We would expect the relative timing of the UL and LL to be consistent across different speaking rates to maintain intelligibility, and indeed intra-gestural coordination of UL and LL in the three speech tasks (Figure 5, left side) showed highly similar relative phase relationships across normal and faster speech rates in all three participants. While the three individuals showed idiosyncratic patterns of intra-gestural coordination across the three speech tasks, the standard deviation bars indicate that the overall variance in intra-gestural coordination was very low for a given production within a given individual. Overall, these results indicate that the relative timing of lip movements is very stable for a given gesture in a specific phonetic context within a given speaker.

FIGURE 5
www.frontiersin.org

Figure 5. Mean and SD of relative phase for inter- and intra- gestural coordination for participants M1, M2 and E1 at normal and faster rates for productions of [ipa], [api] and [pataka].

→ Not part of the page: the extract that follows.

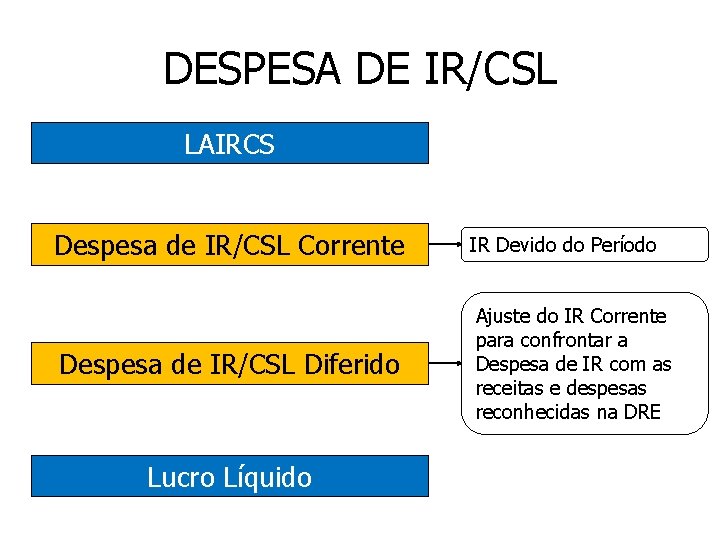 DESPESA DE IR/CSL LAIRCS Despesa de IR/CSL Corrente IR Devido do Período Despesa de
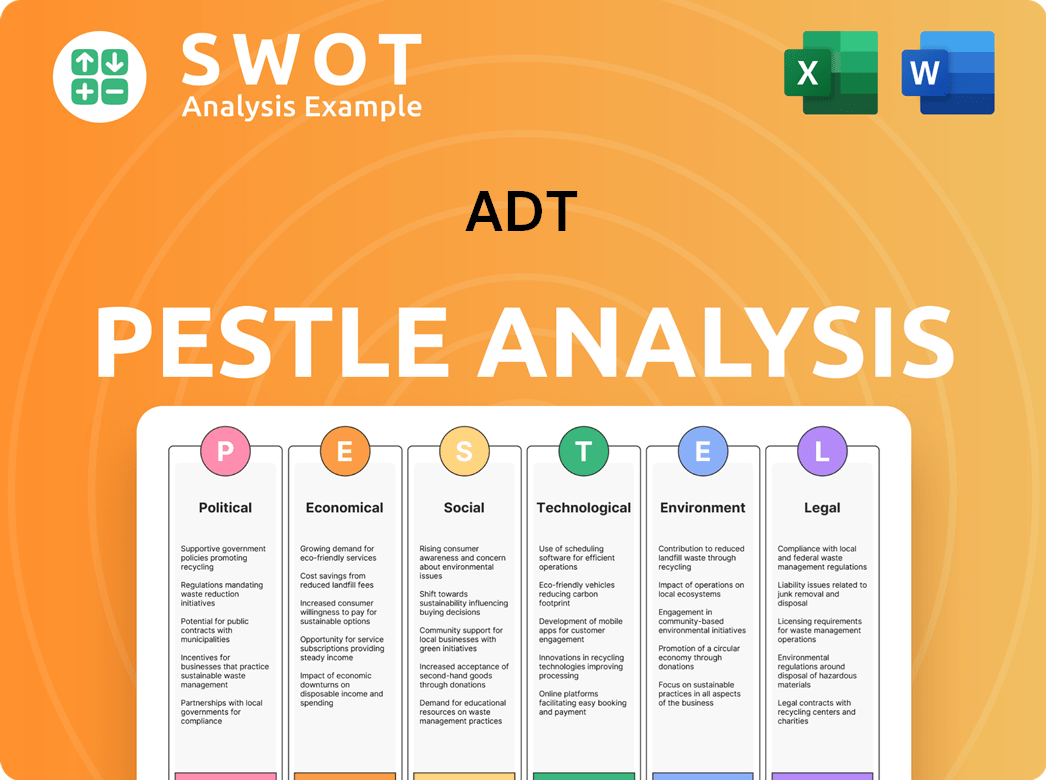 ADT PESTLE Analysis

As noted above (raw tracking results) the gestural movements of /ipa/ and /api/ can be seen as mirror images, where the relative motions of tongue body and BC gestures are reversed. This reversal is readily apparent in the inter-gestural timing plots of Figure 5 (right side), in all three participants. Notably, the three participants show highly similar relative phase values for individual productions that are preserved across speaking rates, and hence highly comparable patterns of relative phase across the four gestures plotted. These inter-gestural patterns are also entirely comparable to the inter-gestural patterns described for the same gestures by van Lieshout et al. [(26), Figure 9]. Taken together, the present results and the results of van Lieshout et al. (26) indicate that inter-gestural coordination is a highly stable motor control parameter both within and between participants for these types of tasks.

Discussion

A key characteristic of human speech is that speech goals are consistently achieved in the face of a truly remarkable amount of variation in the conditions under which they must be expressed. The design of the present study captures some aspects of these variable demands: speech movements were measured from participants with widely varying speech acquisition backgrounds, in different laboratories in different countries using different tracking equipment, in upright vs. supine speaking positions, and at different speaking rates. The orderly patterns of speech behaviors that emerge in the present results are thus suggestive of parameters that play key roles in the motor control of human speech.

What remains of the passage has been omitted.